Realize that this quarter we would have in fact met guidance and next quarter we would also meet guidance, if not for the switch of the $10 million into the current quarter. That's the visibility that we have.

Operator

Our next question comes from Aaron Rakers of Stifel Nicolaus.

Aaron Rakers - Stifel Nicolaus

I just want to clarify, first, the comment you just made. If you haven't had that large customer, that $10 million deal, you mentioned you prioritized deals at the core business. Would that have just moved into the core business line, given it wouldn't have?

Dennis Wolf

No, maybe it was the key customer and it was the deployment itself, which would have otherwise been in the second quarter.

David Flynn

So by pulling that customer into this quarter, like you've possibly seen in the past, it delays some of the core business. So what we're pointing out is that, the 3% growth is not indicative of the strength of the core business, because that customer deployment got pulled forward to this quarter and took a priority sequence in shipments. Hopefully that clarifies.

Dennis Wolf

And getting on the pipeline, it's pretty strong and pipeline really means core.

Operator

Our next question comes from Mark Moskowitz of JPMorgan.

Mark Moskowitz - JPMorgan

One is the deferred revenue growth that was I think pretty impressive, is that starting to suggest that you're staring see a breakout in terms of the mix of your customers, we are staring to get greater penetration into more enterprise accounts versus some of these depocketed Apple's and Facebook's, where they can kind of take care of things on their own? And then the second question is more competitively speaking with IBM's acquisition of TMS this past summer, does that change the relationship at all or the competitive landscape, especially with IBM?

Dennis Wolf

So it's hard to provide revenues. It is support and service. And it continues to primarily be the key account. There are opportunities for us to expand in support and services as we move forward with some of these larger accounts that we're talking about potentially for the second half of the year.

David Flynn

But it's kind of the exact opposite of the way you phrased it. It is the hyperscale accounts that we deal with directly that pay us support. The enterprise business is largely supported by our OEM partnerships. With the exception of software as software comes online, because it has a more direct relationship to the end-users, even in the enterprise space we are providing the frontline support for that. So as we move to selling those solutions in the enterprise, it will show up more on that support line.
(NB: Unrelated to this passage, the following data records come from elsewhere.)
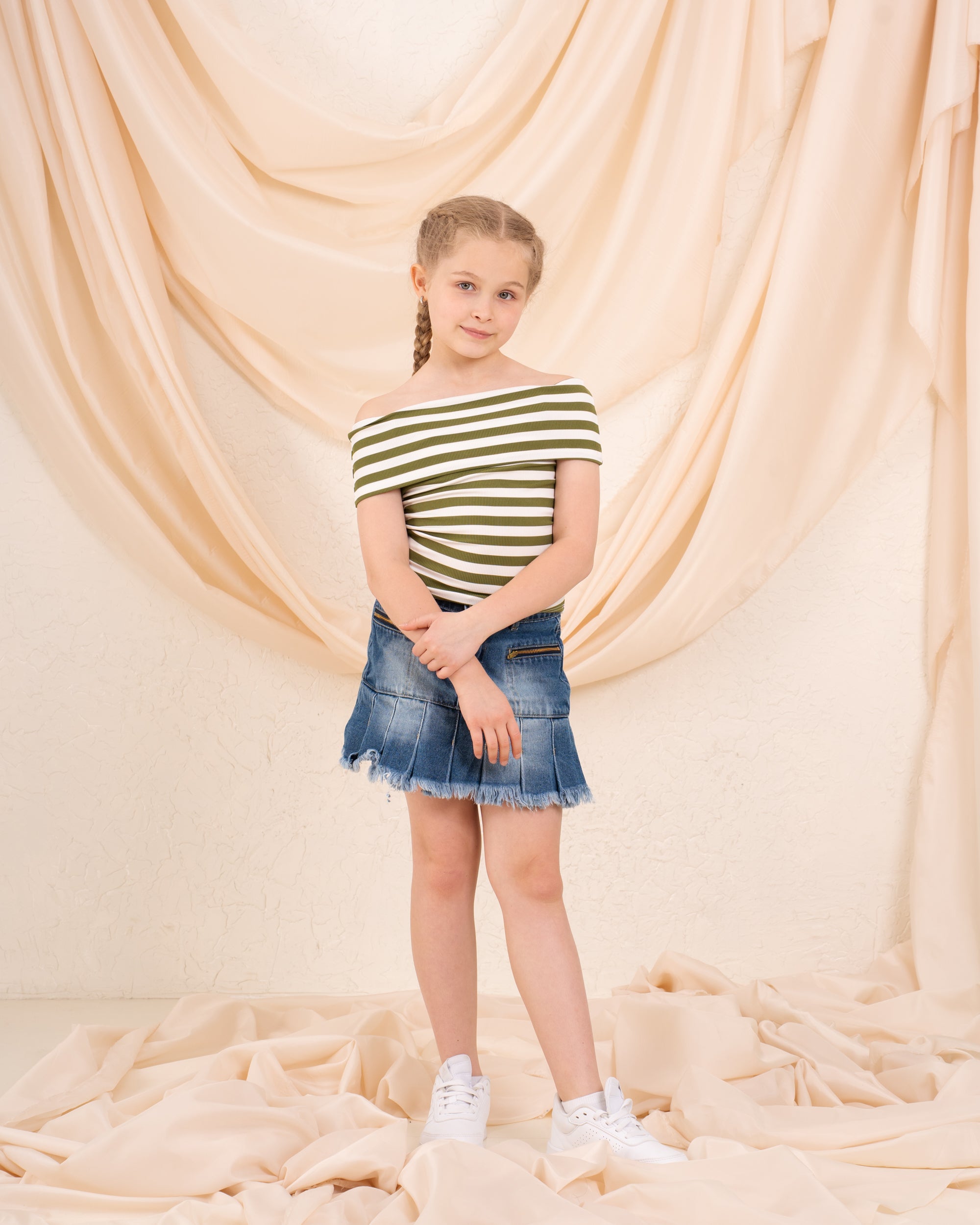 Girl striped low shoulder top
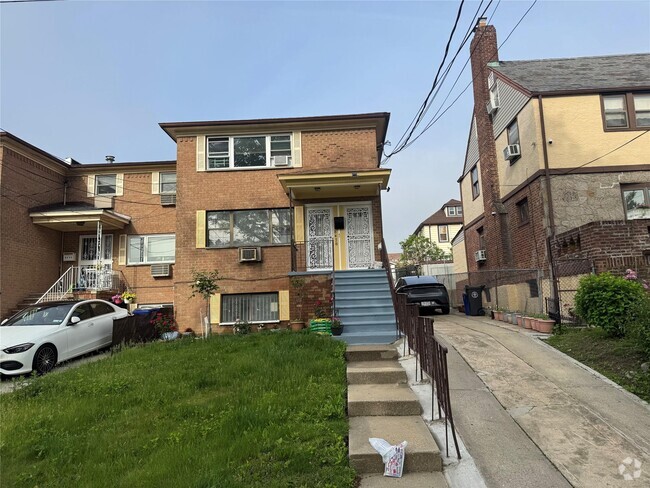 Building Photo - 84-38-84170 170th St Unit 2nd flr Rental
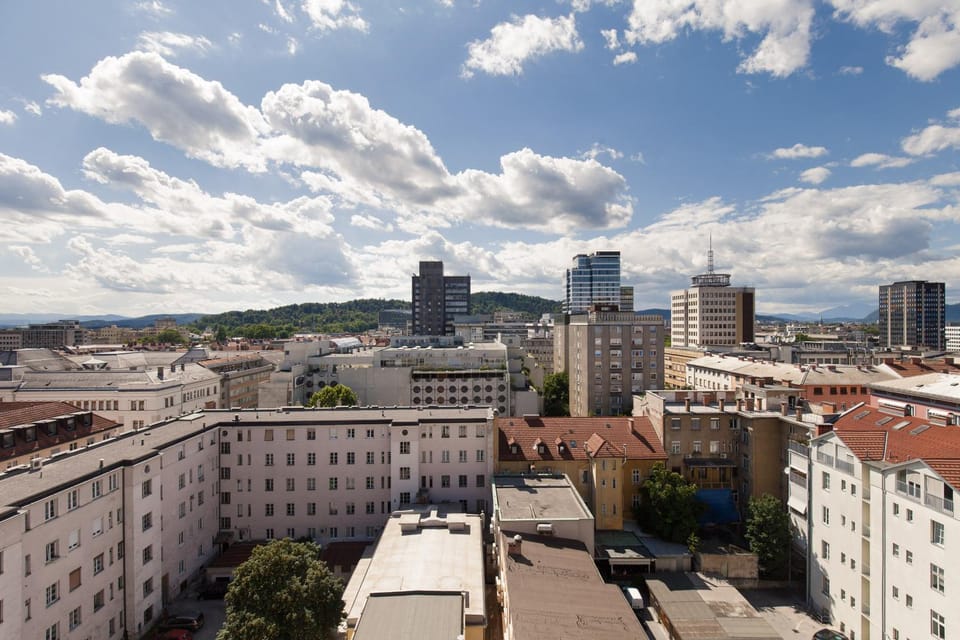 View (from property/room), City view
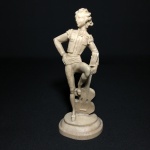 Delicada estatueta em resina "Musicista", possivelmente de origem Européia. Exemplar de coleção. Dimensões: 20 cm.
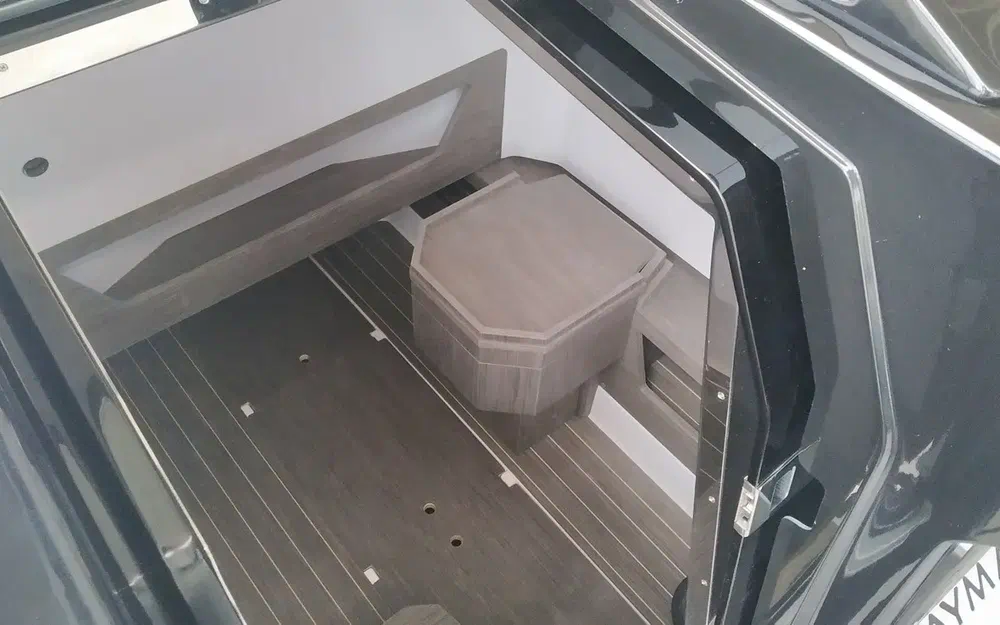 slider 19 Ranieri Cayman 27.0 Sport Touring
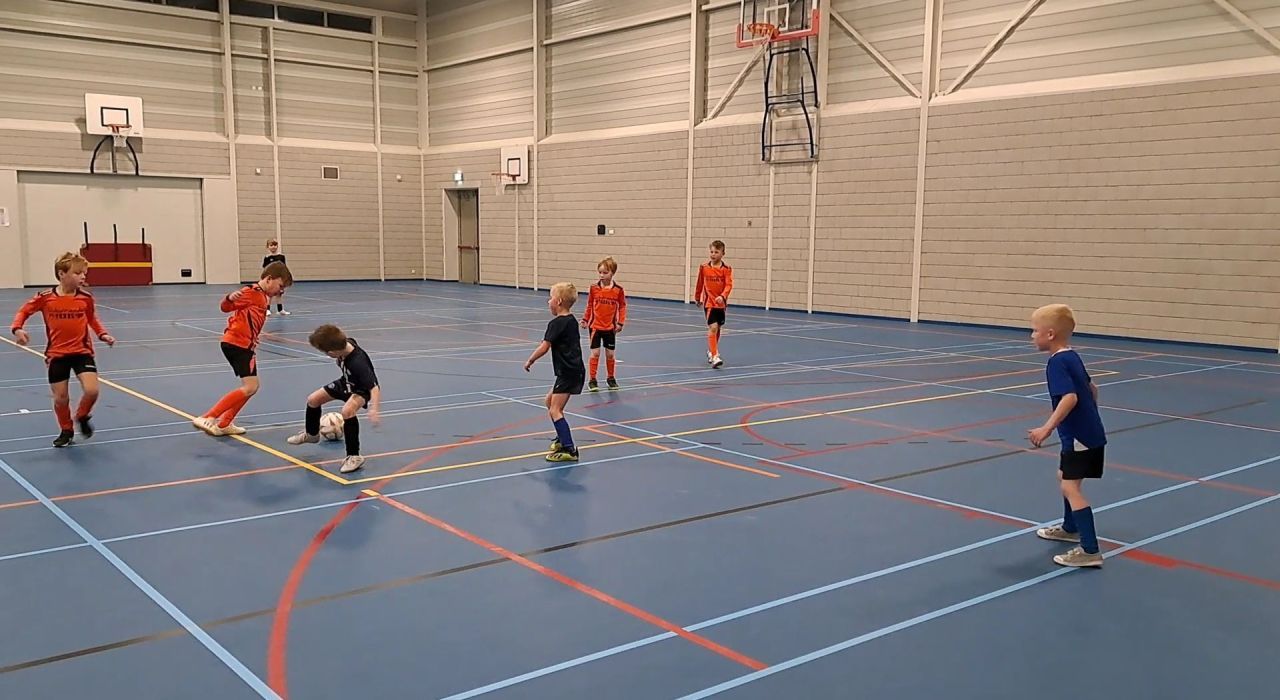 Dora Maatjes, Eindejaarsknallers en Hackers kerstkampioen zaalvoetbal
The second question about TMS, Texas Memory Systems was purchased by IBM's Storage Division for their memory appliance. We work with their server division on the flash within the server. And we think it's rather backwards looking to be focusing on a proprietary flash appliance versus how to take off the shelf servers and have them perform the same role from within an open platform.

So this actually take say it would be competitor off the market, TMS was attempting to get into the market with PCI Express devices to go into servers. But that's not what they were acquired for and we don't expect that to be a part of their business inside of IBM.

Operator

Our next question will come from Amit Daryanani from RBC Capital Markets.
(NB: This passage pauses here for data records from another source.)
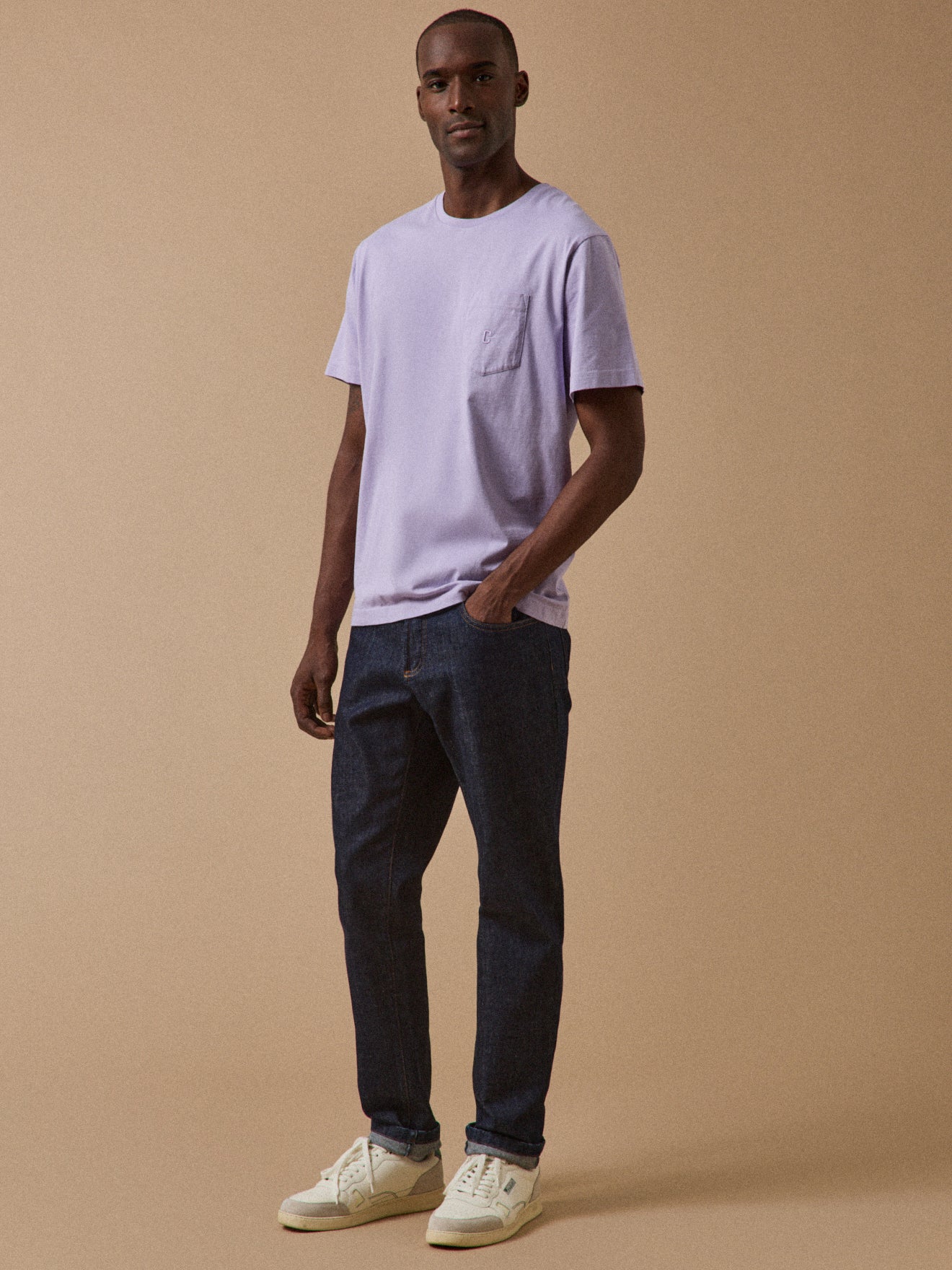 Men's plain embroidered T-shirt made with organic cotton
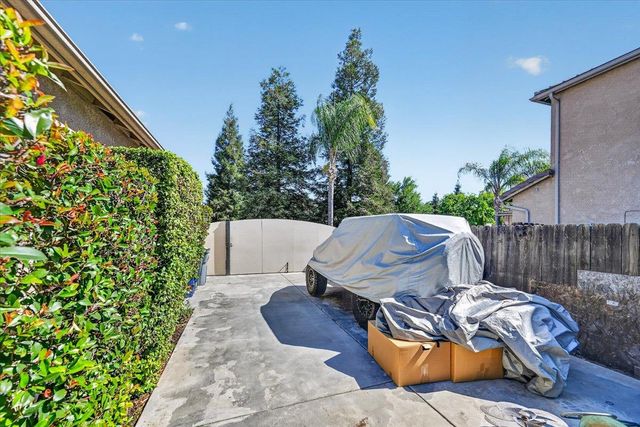 5840 E Erin Avenue, Fresno, CA 93727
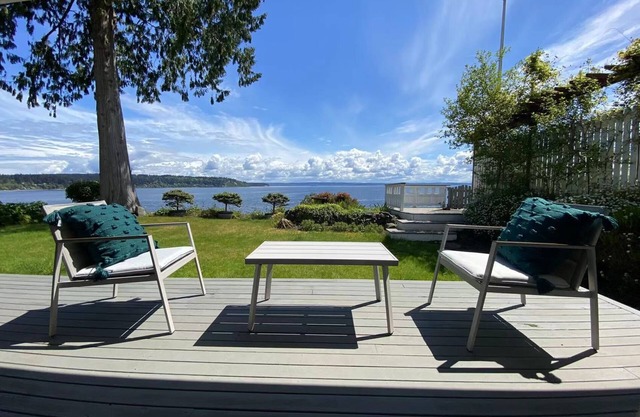 5-bedroom waterfront House with beach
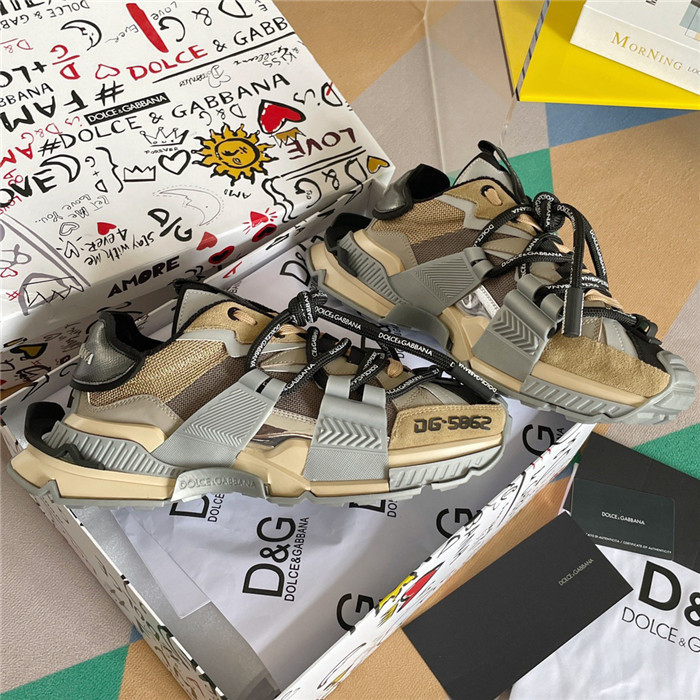 DG SNEAKER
Amit Daryanani - RBC Capital Markets

Just two quick questions from my side. One, I think you just talked about 180 quota-carrying sales people this quarter. I want to make sure I heard that right, because last quarter that number was 150, and if you could just broadly talk of that number was correct? And then, how long does it take when you get a new AE for them to start becoming productive, is it two to four quarters or longer? And then secondly, could you just maybe talk about the NetApp relationship very specifically, and what sort of revenue expectations you may have built into the fiscal '13 guidance with NetApp?

Dennis Wolf

A 180 was right. Those are the quota-carrying sales reps. As far as sales productivity is concerned, Amit, we don't get into that. You all have to come to your own conclusions there, otherwise we'd be forced to have everything depended upon sales productivity models. And when we do our forecast, we use a lot more than sales productivity to try to figure out what the numbers are.

Now, the numbers that we expect in the second half of the year, we expect both NetApp and Cisco to be stronger numbers in the second half of the year than early in the first half of the year. So staring in Q3, those will be much more meaningful.

David Flynn

To date, we've trained over 500 sales people within NetApp, they're extremely eager and rearing to go, because this expands their market addressability, allowing NAS to go more into the performance strong hold, where SAN use to have sway. So we're very excited about the relationship, but don't expect it to be material until on the second half.

Operator

Our next question comes from Bill Shope of Goldman Sachs.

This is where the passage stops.